Nos yeux n’ont pas quitté notre Père, et je suis certain que mon Frère s’est comme moi demandé si nous n’allions pas être les prochains à être poursuivis par la vindicte d’Anthëus. Sanäel, lui, ne bougeait plus ; il avait perdu connaissance. J’ai appris un peu plus tard qu’il a fallu l’aide de pas moins de nos trois de domestiques pour le désinsérer ; deux jours entiers avant qu’il ne sorte du coma dans lequel le choc l’avait plongé ; puis, près de trois mois de convalescence pour qu’il ne soit à nouveau en pleine possession de ses moyens.
« Voila ce qu’il en coute de me défier, a fait Anthëus, avant de quitter le salon sans jeter un seul coup d’œil vers nous. ».

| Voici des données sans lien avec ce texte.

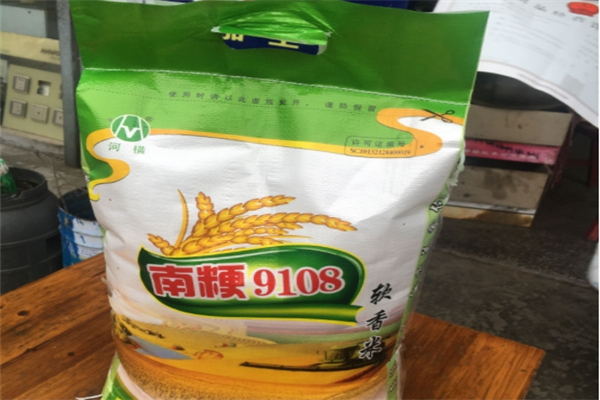 河横绿色食品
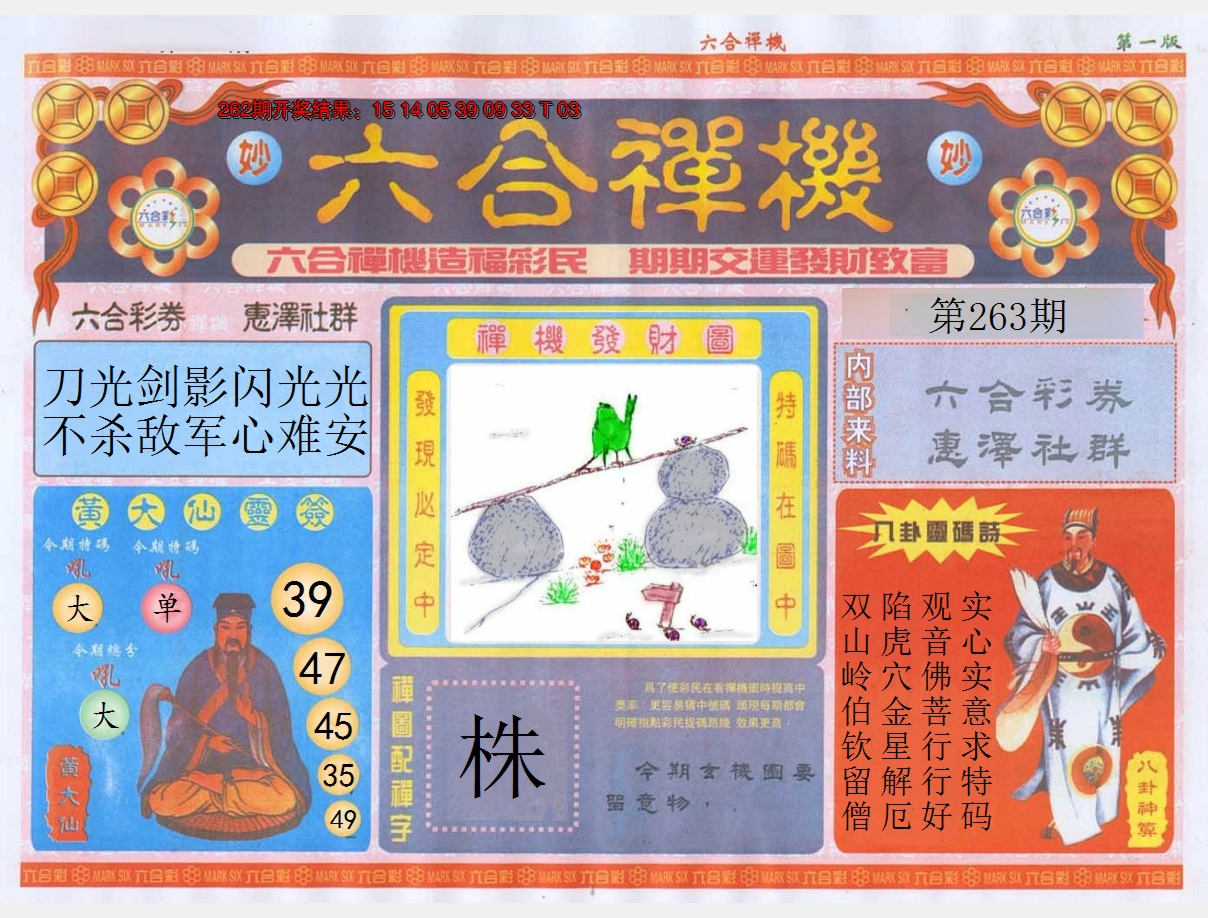 2024263期六合禅机A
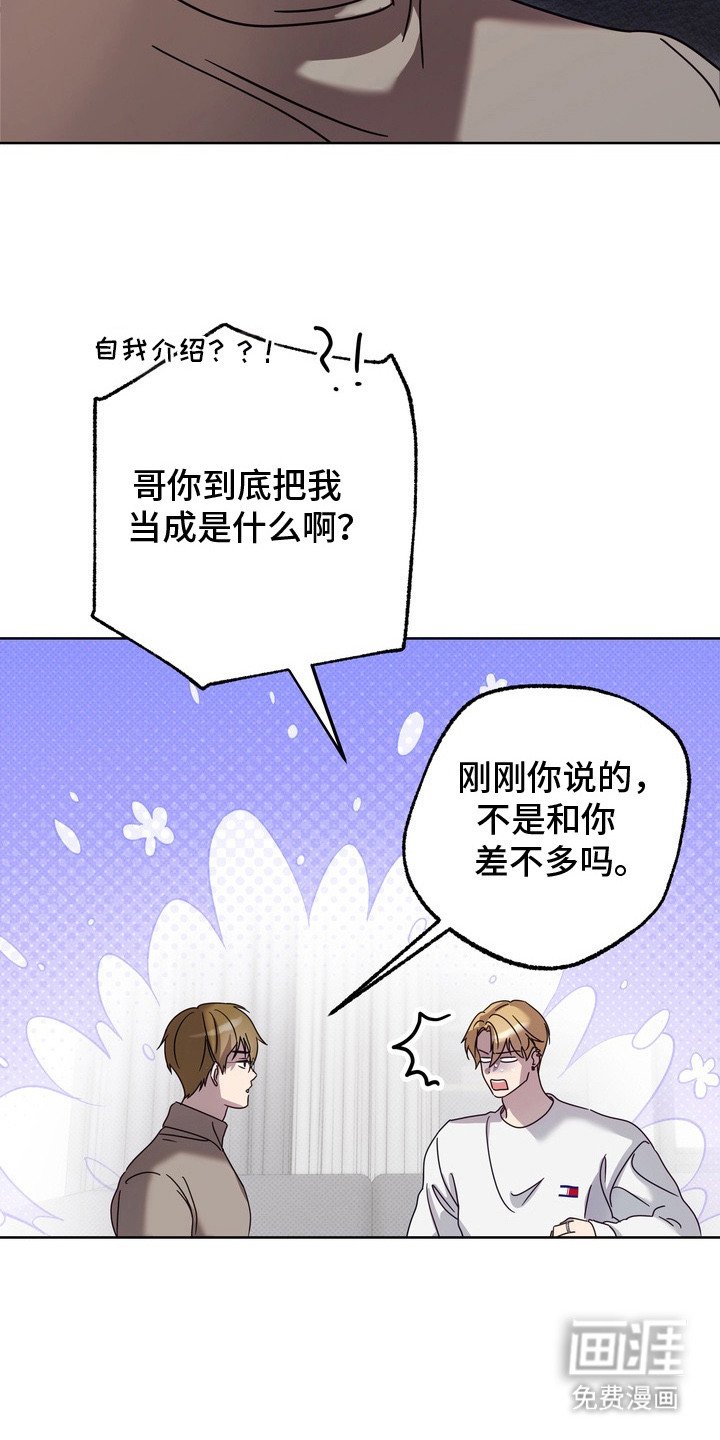 第16章：借酒消愁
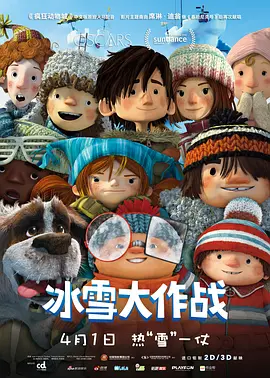 青青九九免费视频在线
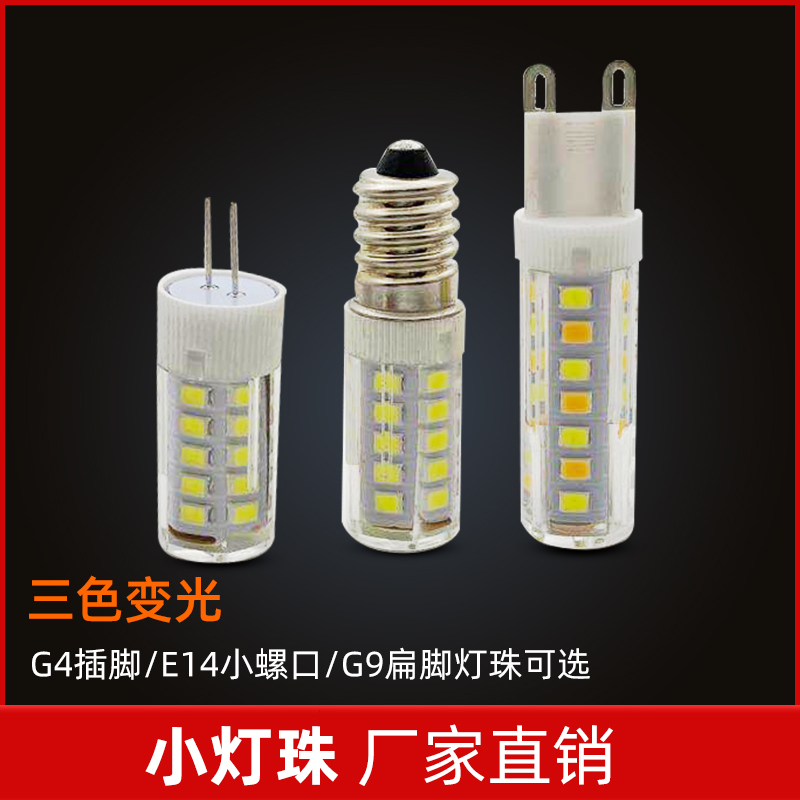LED light pearl g4 pin G9 flat foot small bulb water crystal lamp E14 small screw mouth high brightness 220V inserted bubble led light source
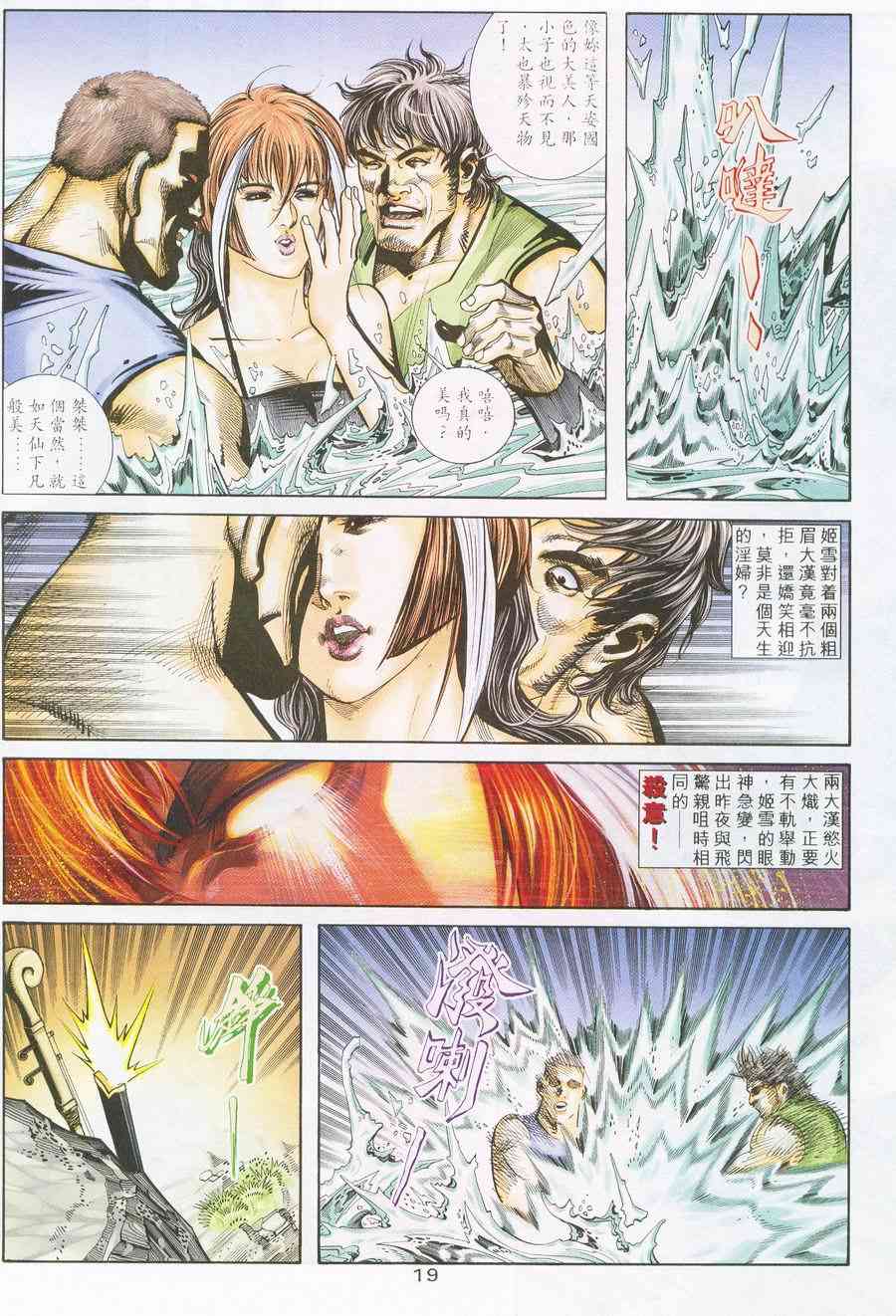 🍵霸刀 第226回 第19页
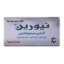 صورة نيورين حبوب 5مجم 20حبه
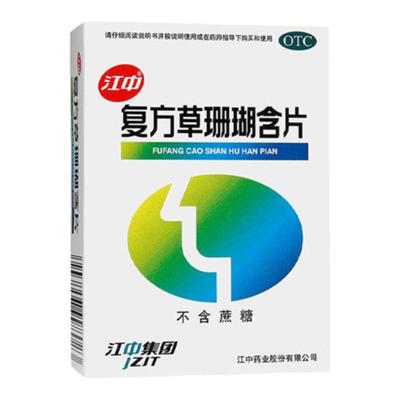 【江中】复方草珊瑚含片0.44g*48片/盒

J’avoue que c’est ce jour là où, pour la première fois depuis mon « Réveil », j’ai vraiment eu peur de mon Père. C’est la première fois où j’ai réalisé que le fait de m’opposer à lui pouvait mettre ma vie en danger ; en tout cas, ma vie sous sa forme actuelle. Déjà, avant, je tremblais au moindre changement dans le ton de sa voix. Ses réprimandes à mon encontre m’ont toujours terrorisé. Mais, à partir de ce jour, j’ai fait en sorte de ne plus avoir à l’affronter. Quand nos échanges sont sur le point de s’envenimer – notamment lorsque j’ose aborder des sujets qui fâchent, et en particulier le Tableau qui orne le vestibule menant à ce bureau -, je change systématiquement de thème de discussion. D’autre part, c’est à la suite de cet incident que tous les Noirs qui nous servaient nous ont quittés ; y compris Roseline, bien entendu. Et c’est quelques mois plus tard qu’Edgard et Félicie ont été engagés.